_What you have to do_
Starting at the line that contains "מיטת קינג בסוויטה, Hilton Pilar", write out each line through the end of the data below, exactly as it stands. Skip any pictures.

_Supplied information_
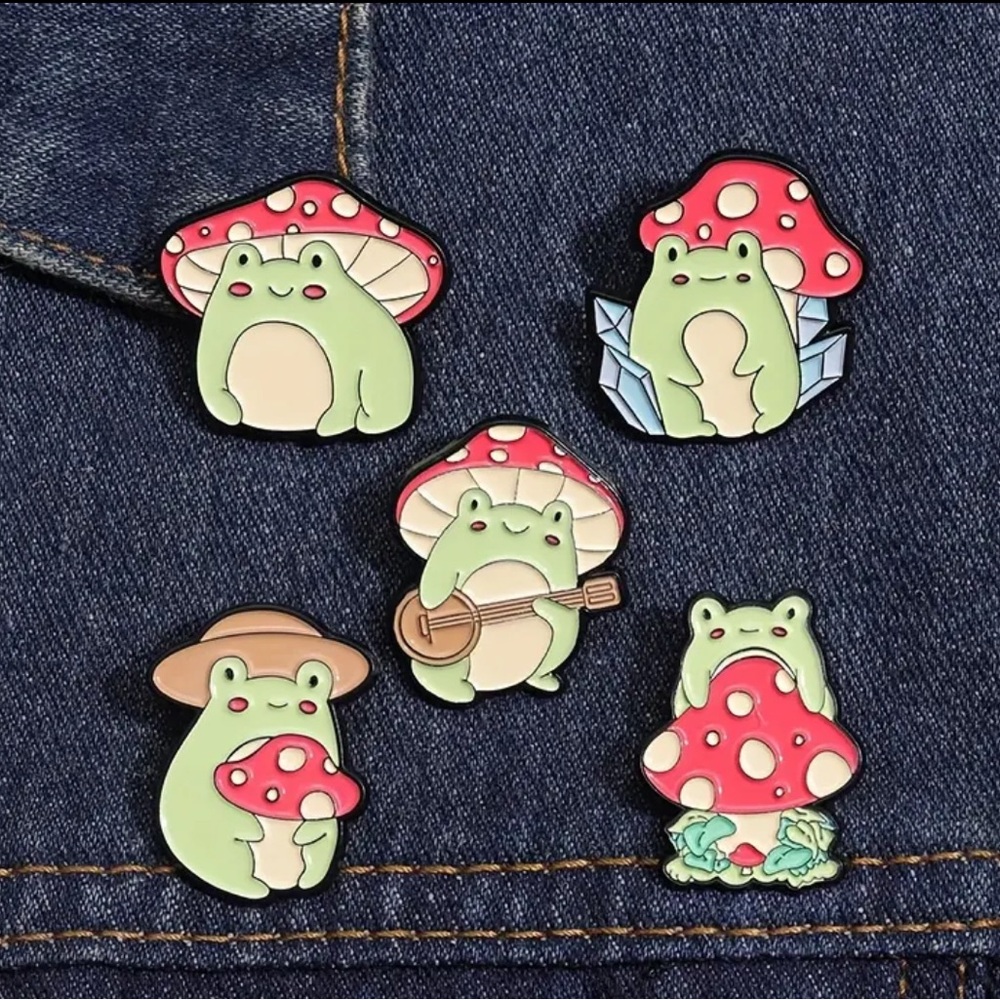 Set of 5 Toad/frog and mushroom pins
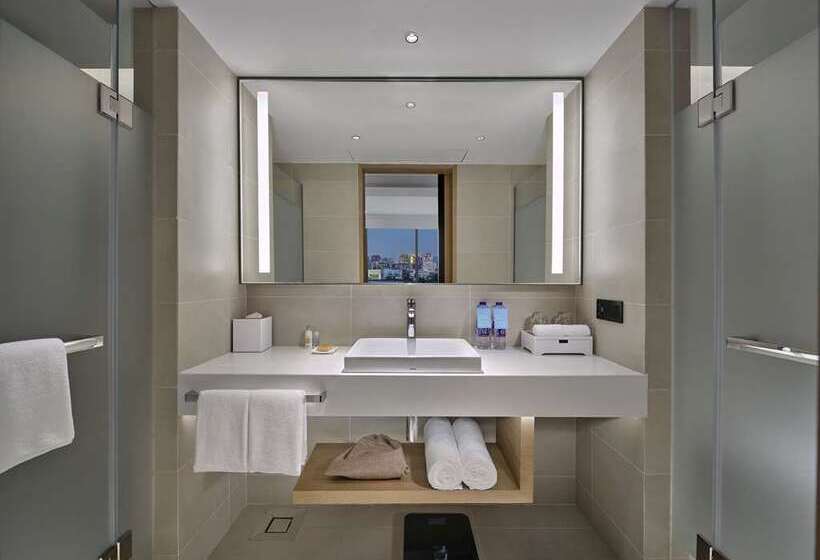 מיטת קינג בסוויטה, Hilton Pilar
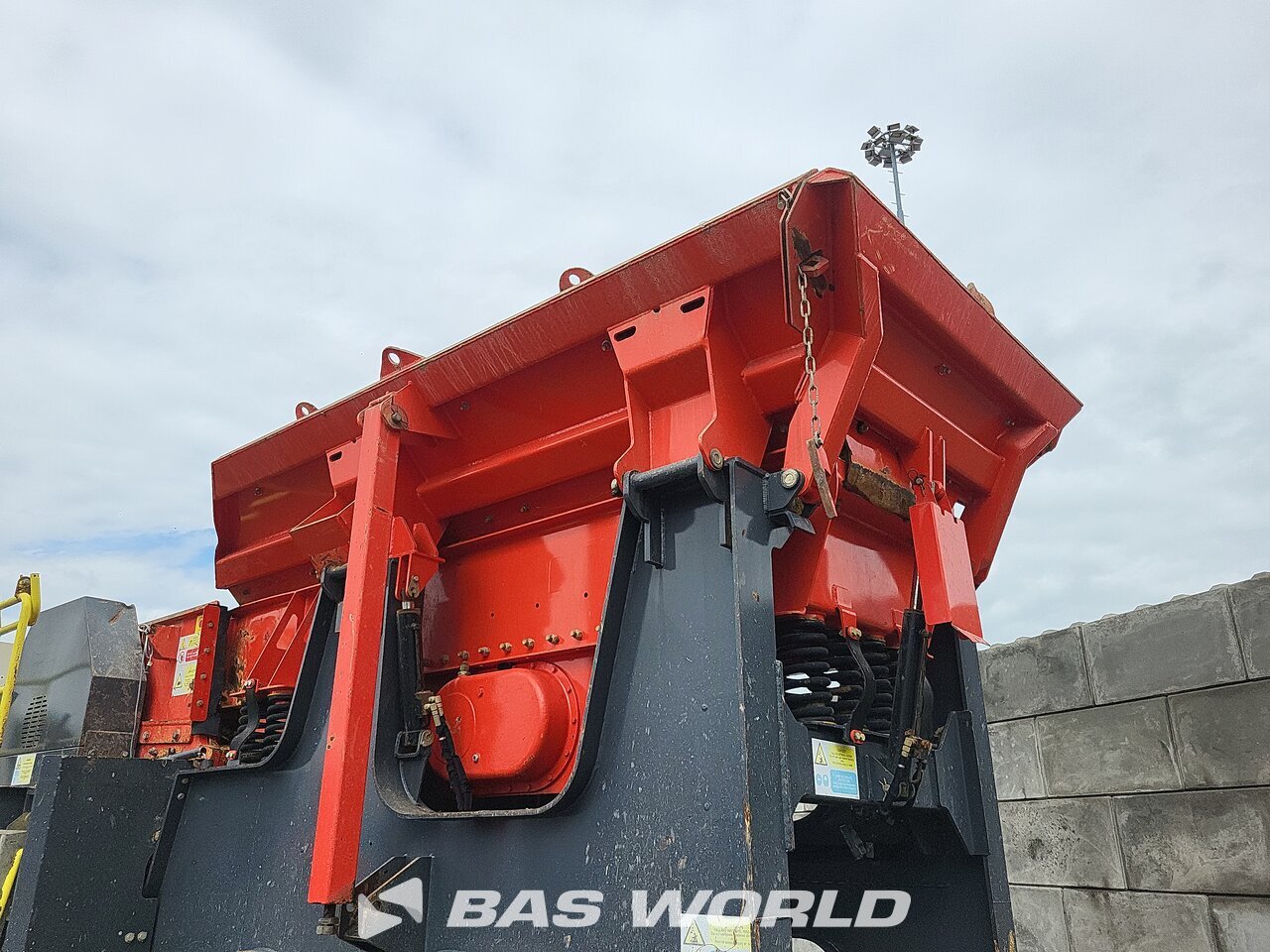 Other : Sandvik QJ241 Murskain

_Your solution_
 מיטת קינג בסוויטה, Hilton Pilar
 Other : Sandvik QJ241 Murskain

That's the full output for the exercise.